Leave the pictures out, and repeat exactly each line from the one that holds "Rink Drink - Double-Walled" through the final line of the entries below.

(Short web captions)
════

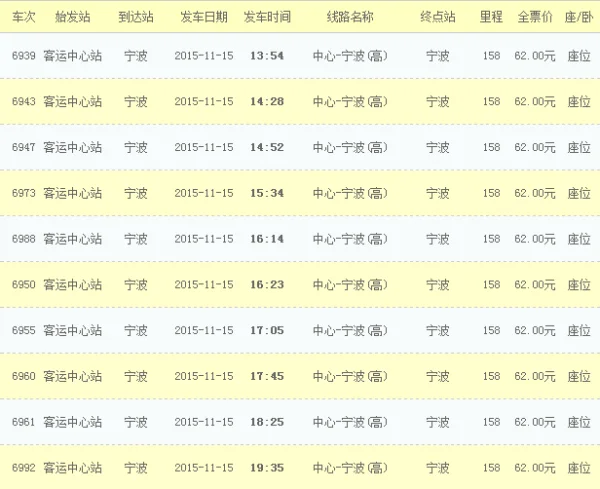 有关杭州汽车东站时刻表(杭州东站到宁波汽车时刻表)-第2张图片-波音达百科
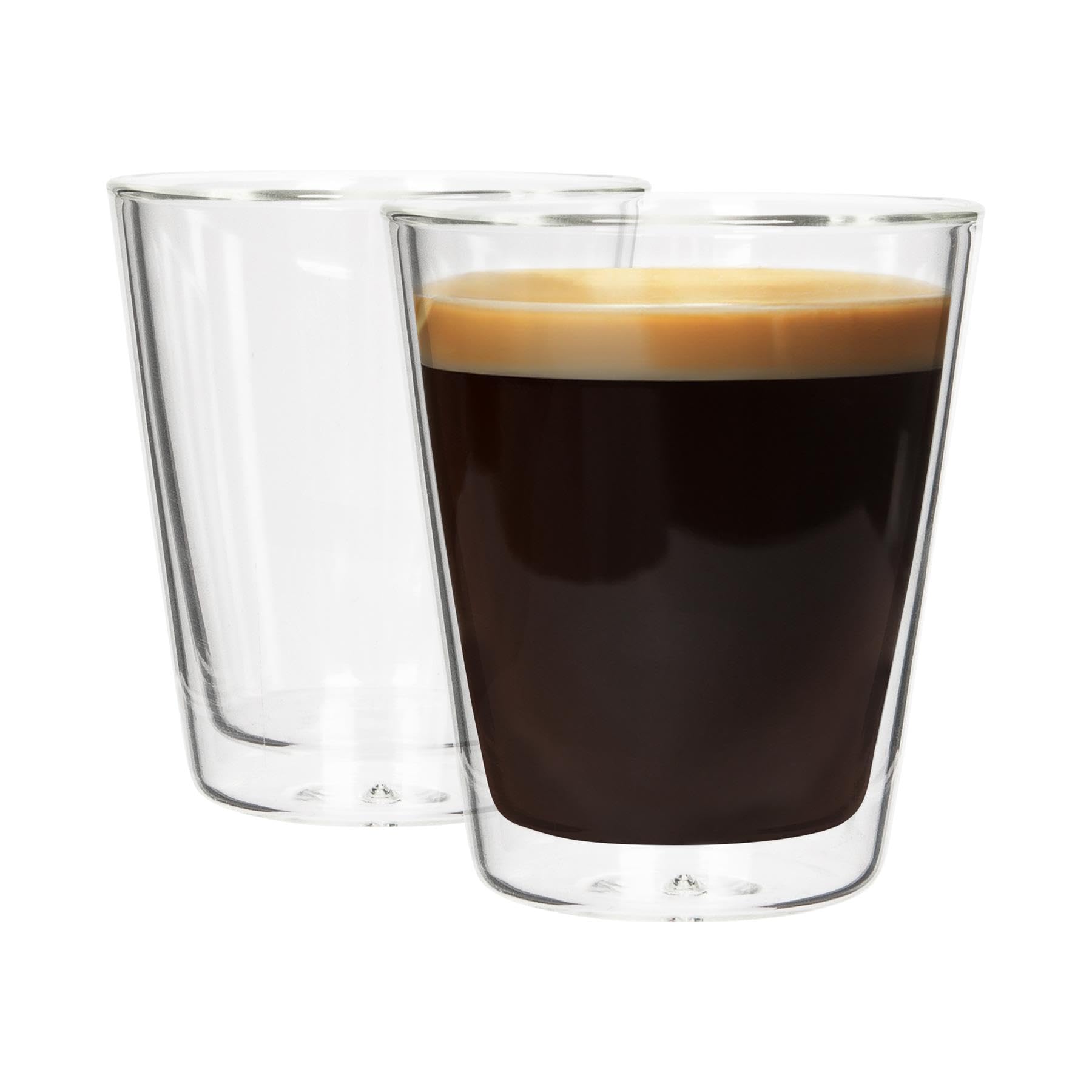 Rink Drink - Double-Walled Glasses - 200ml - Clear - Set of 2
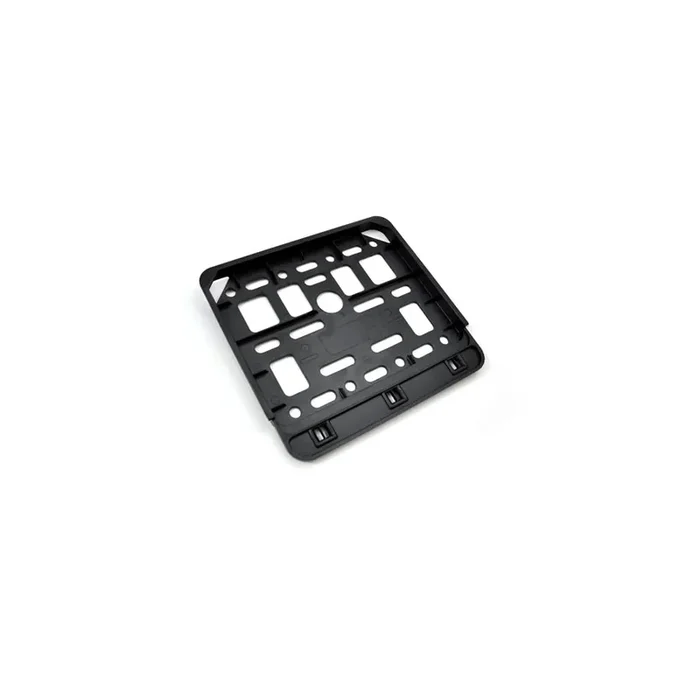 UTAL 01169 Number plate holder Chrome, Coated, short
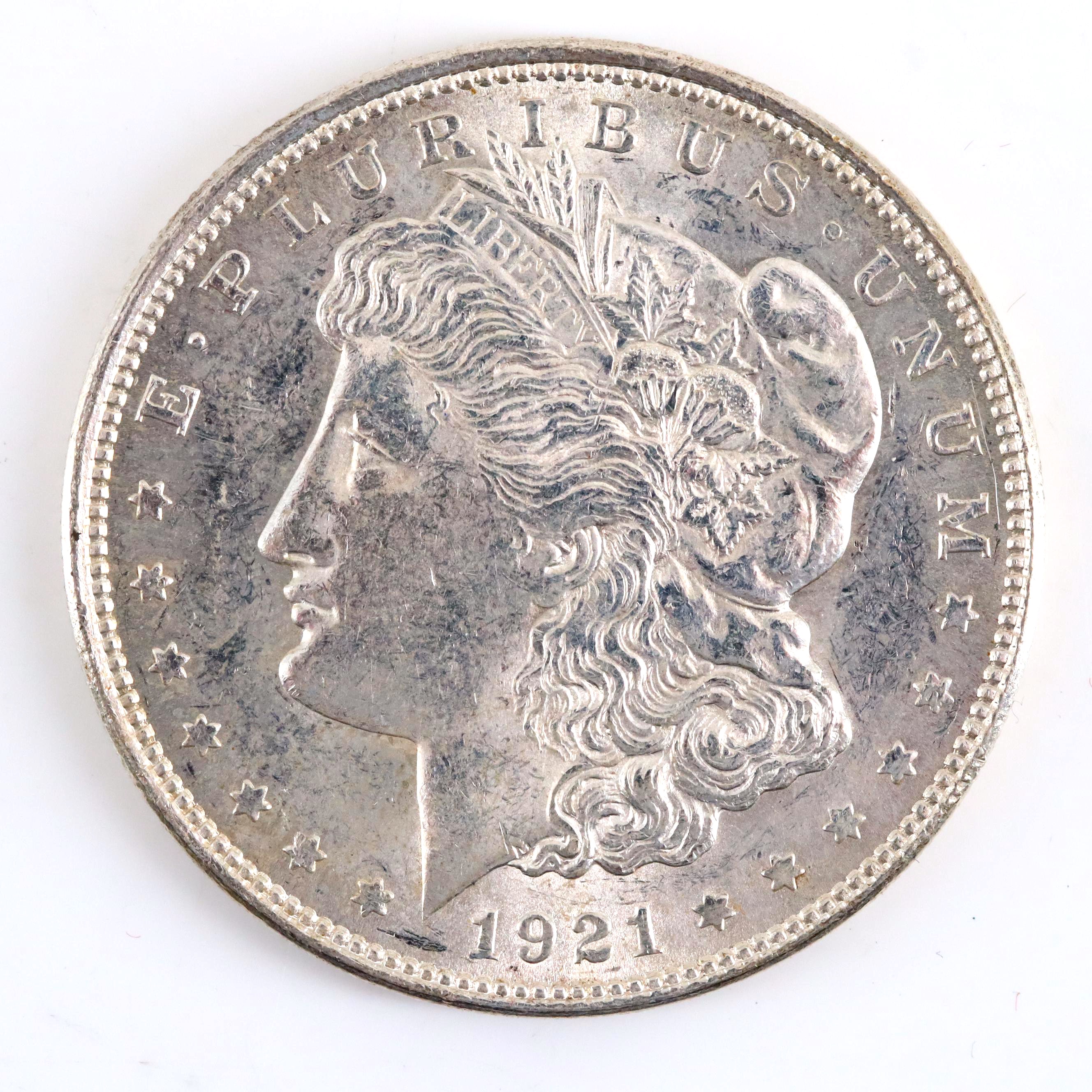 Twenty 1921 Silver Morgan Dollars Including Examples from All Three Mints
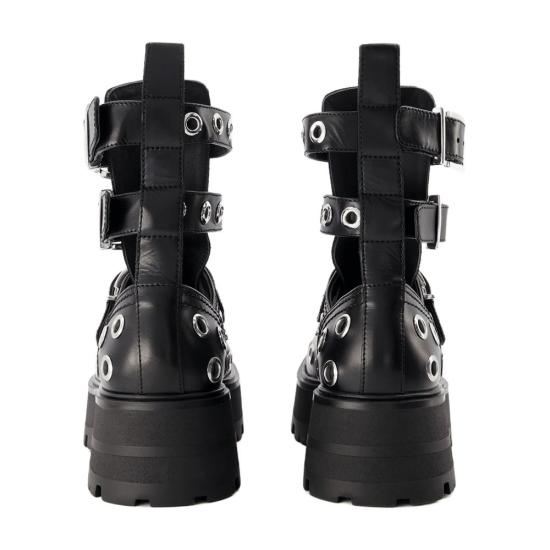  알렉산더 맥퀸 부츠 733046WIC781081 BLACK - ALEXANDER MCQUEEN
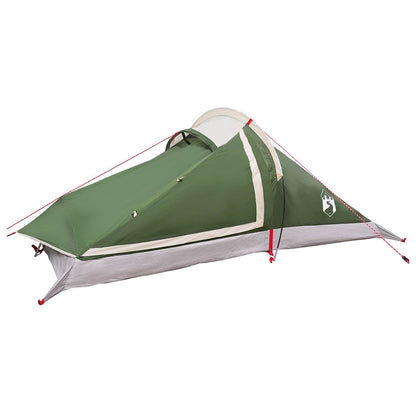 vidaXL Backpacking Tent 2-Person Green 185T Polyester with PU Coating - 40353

════

> [YOUR RESPONSE]
 Rink Drink - Double-Walled Glasses - 200ml - Clear - Set of 2
 UTAL 01169 Number plate holder Chrome, Coated, short
 Twenty 1921 Silver Morgan Dollars Including Examples from All Three Mints
  알렉산더 맥퀸 부츠 733046WIC781081 BLACK - ALEXANDER MCQUEEN
 vidaXL Backpacking Tent 2-Person Green 185T Polyester with PU Coating - 40353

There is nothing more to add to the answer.